**Work item**
Provide again, from the entries below, every line from the one containing "Louis Vuitton Neverfull" through the one containing "anklet anthro big_breasts", exactly as written, and no other line.

**Input**
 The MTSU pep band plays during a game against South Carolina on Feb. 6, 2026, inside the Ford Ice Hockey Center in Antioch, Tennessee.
---
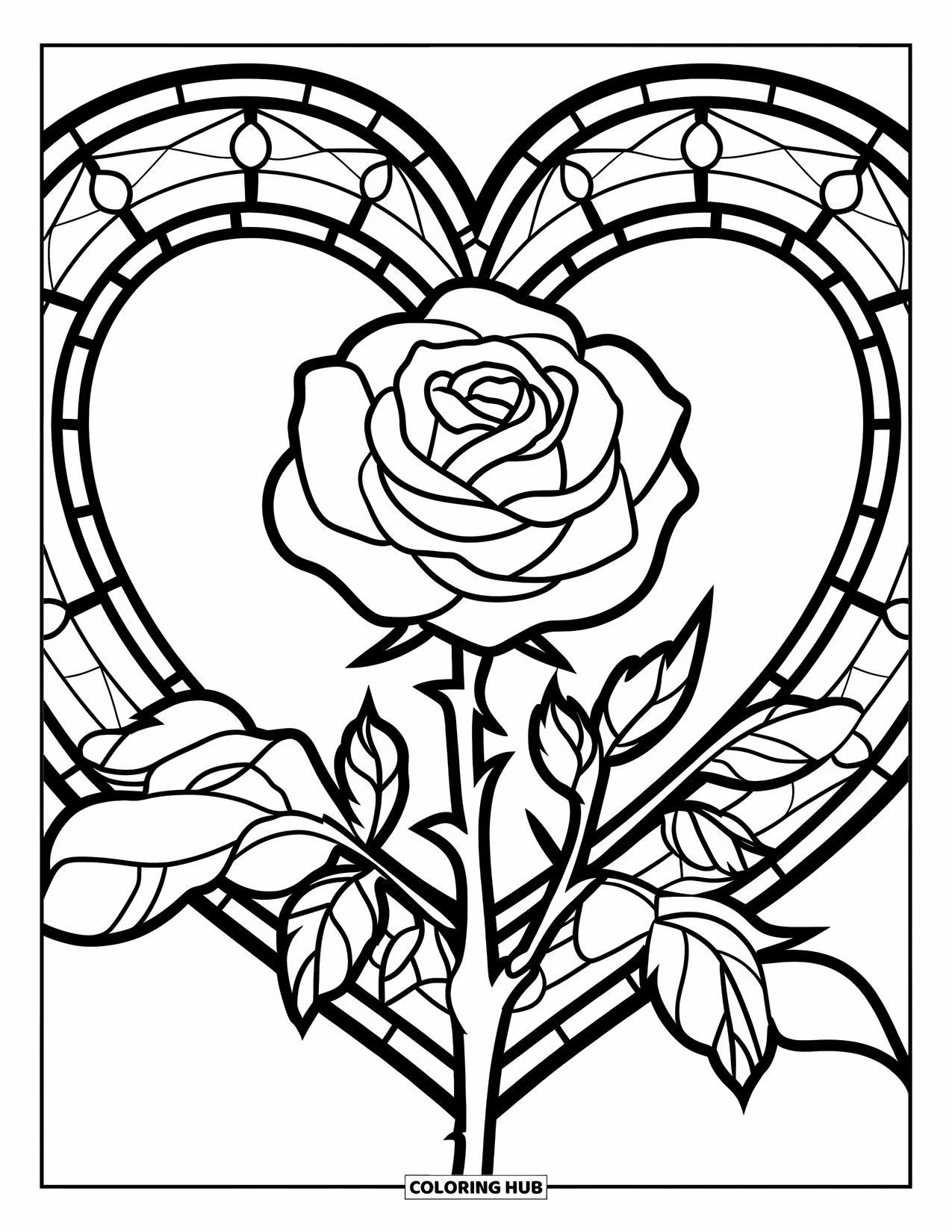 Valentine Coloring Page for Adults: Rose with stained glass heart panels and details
* * *
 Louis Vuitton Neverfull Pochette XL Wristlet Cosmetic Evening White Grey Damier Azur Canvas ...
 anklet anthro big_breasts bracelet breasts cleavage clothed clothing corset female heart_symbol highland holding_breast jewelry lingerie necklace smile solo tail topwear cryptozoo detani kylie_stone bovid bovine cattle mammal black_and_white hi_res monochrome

**Task output**
 Louis Vuitton Neverfull Pochette XL Wristlet Cosmetic Evening White Grey Damier Azur Canvas ...
 anklet anthro big_breasts bracelet breasts cleavage clothed clothing corset female heart_symbol highland holding_breast jewelry lingerie necklace smile solo tail topwear cryptozoo detani kylie_stone bovid bovine cattle mammal black_and_white hi_res monochrome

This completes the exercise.